Mitzi Gaynor, who made an unsuccessful attempt to "wash that man right outa my hair" as nurse Nellie Forbush in "South Pacific," passed away at the age of 93. Her singing and dancing enlivened Hollywood musicals throughout the 1950s.
According to her management team, Gaynor passed away quietly from natural causes on Thursday.
"She delighted audiences on stage, in movies, and on television for eight decades... She was a kind, kind, hilarious, and all-around wonderful human being off stage. She was also a compassionate and devoted friend, they wrote on X.
Gaynor played important parts in the 1954 movie "There's No Business Like Show Business" with Ethel Merman and Marilyn Monroe, as well as the 1957 movies "The Joker Is Wild" with Frank Sinatra and "Les Girls" with Gene Kelly. She sang Cole Porter's title song in "Anything Goes," which she costarred in with Bing Crosby and Donald O'Connor the year before.

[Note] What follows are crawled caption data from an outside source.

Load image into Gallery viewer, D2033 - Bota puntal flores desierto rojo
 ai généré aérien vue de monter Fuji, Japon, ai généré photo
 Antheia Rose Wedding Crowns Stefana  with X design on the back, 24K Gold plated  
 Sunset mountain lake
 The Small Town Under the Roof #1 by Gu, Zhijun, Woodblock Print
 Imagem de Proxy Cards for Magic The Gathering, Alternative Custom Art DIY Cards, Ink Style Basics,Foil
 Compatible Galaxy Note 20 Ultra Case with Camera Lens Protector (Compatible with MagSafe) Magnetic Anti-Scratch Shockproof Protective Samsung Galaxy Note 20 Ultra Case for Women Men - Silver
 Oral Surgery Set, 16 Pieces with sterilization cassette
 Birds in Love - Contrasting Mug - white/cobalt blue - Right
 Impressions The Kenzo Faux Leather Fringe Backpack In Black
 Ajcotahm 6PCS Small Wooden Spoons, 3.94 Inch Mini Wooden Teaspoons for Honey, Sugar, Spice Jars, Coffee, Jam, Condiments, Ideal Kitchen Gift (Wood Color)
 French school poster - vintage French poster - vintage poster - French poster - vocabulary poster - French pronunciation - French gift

After a little over ten years in the film industry, Gaynor found fame performing in nightclubs and hosting a number of yearly television variety shows in the 1960s and 1970s. In her 80s, she continued to perform her autobiographical stage show, "Razzle Dazzle! My Life Behind the Sequins," which included singing, dancing, and memories.
Gaynor was born in Chicago as Francesca Marlene de Czanyi von Gerber. Her father was a violinist and musical director, while her mother was a dancer. She joined the Los Angeles Civic Light Opera after relocating to California, falsifying three years to her age to give the impression that she was sixteen. After noticing her, 20th Century Fox executives extended an offer of a contract.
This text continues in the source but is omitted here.